Dr Riley said the most worrying finding was that school principals rated the level of support they derived from their employer at less than one, on a scale of one to 10.
They also expressed frustration with political and bureaucratic interference in the job of educators.
“Politicians love to be able to say they’re going to radically change education for the better,” Dr Riley said.
“What that usually means is a hell of a lot of extra work for principals without actually very much real change.
“Rather than trusting principals to do their work with honesty and integrity, it’s been replaced with massive checklists that they spend a lot of time filling out.

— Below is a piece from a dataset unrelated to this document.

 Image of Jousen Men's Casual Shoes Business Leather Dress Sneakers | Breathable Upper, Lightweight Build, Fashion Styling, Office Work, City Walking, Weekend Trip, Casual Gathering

“We’re really at a point where we have a looming crisis, I think, in terms of school leadership.
“And we have to address that. The very first thing is to say we have a serious issue and we need to change the way we’ve designed this job.
“It’s virtually become impossible to be a school principal and survive for a long career.”
In 2014, parents and students were shocked by the suicide of popular Melbourne school principal, Dr Mark Thompson.
An 18-month WorkCover investigation found that work related stress contributed to the death.
Free health checks for Victorian principals
Today the Victorian Government will announce it will roll out a program of free health checks for school principals.
The check-ups are voluntary and confidential.
Glenn Butler, the principal of Mount View Primary School at Glen Waverley in Melbourne’s east, took part in one of the first health checks yesterday.
They involve pathology tests that measure cholesterol, liver function and kidney function, mental health screening questionnaires and risk factor identification.
Principals are then linked back for further follow-up with their regular GP if required.
After taking an initial questionnaire, Mr Butler said he was given a wake-up call.
“It was clear to me that there are times when I suffer very high degrees of stress,” Mr Butler said.
Often when it’s smooth sailing and everything is working in a harmonious fashion it’s a very pleasurable job, but there are critical times when the stresses and anxieties really mount up on each other.”Mr Butler said he wanted to set an example to all teachers at his school.
“I really encourage all my teachers and middle school leaders to develop a healthy diet, take time during the week to have regular exercise and breaks, but also do basic things like come to the staff room and have a laugh with each other at recess break and lunchtime,” he said.
“In the end everyone in the community will benefit because you’ll have much more effective and highly energised teachers who enjoy the job and principals who are passionate but are capable and continuously energised about the job.”